A Friday release of information in workplace statistics showed average hourly earnings for all employees on private nonfarm payrolls up by 4.2 percent in September compared to the same month in the year prior. As for inflation, the same federal department measured inflation across the 12 months ending in August to be 3.7 percent — below the increase in wages, meaning it seems that, for many Americans, the money they’re making has kept pace with inflation, which has often been touted as not just an economic but also a political issue.

On Friday, President Joe Biden — while speaking to journalists — addressed some of the evident anxieties among many Americans about the current state of the overall economy. Citing the violence in Ukraine from the Russian regime, Biden said he observed reasons for Americans to be concerned but argued that the tone of media coverage helped spur negative sentiment.

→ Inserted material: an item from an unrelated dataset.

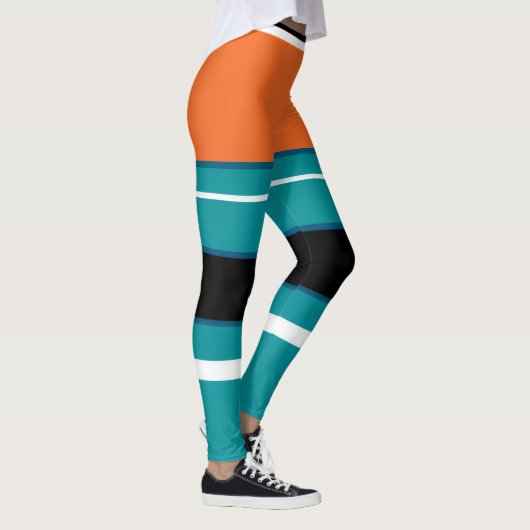 "MIAMI BEACH" - Activewear Leggings レギンス (右)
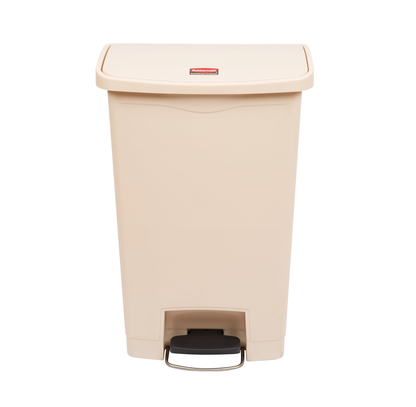 CONTENEDOR DE PEDAL STREAMLINE STEP ON RESINA FRONT STEP, 13 GAL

He also called out GOP dysfunction in Congress as driving Americans’ concerns. Just the other day, then-GOP leadership in the House only put a spending measure that could be solidly expected to pass up for a vote with hours before a deadline that would’ve sparked a shutdown. Before that final hour save, Republicans had been running with proposals as extreme as a 30 percent spending cut across government. “If you just watched what happened last week in the Congress, how excited are you going to be about much of anything?” the president remarked. And government funding is still a problem under struggling GOP “leadership” in the House, since the last-minute deal only kept things running for a month and a half — and while Republicans struggle with who will become House Speaker after Kevin McCarthy, the clock is ticking!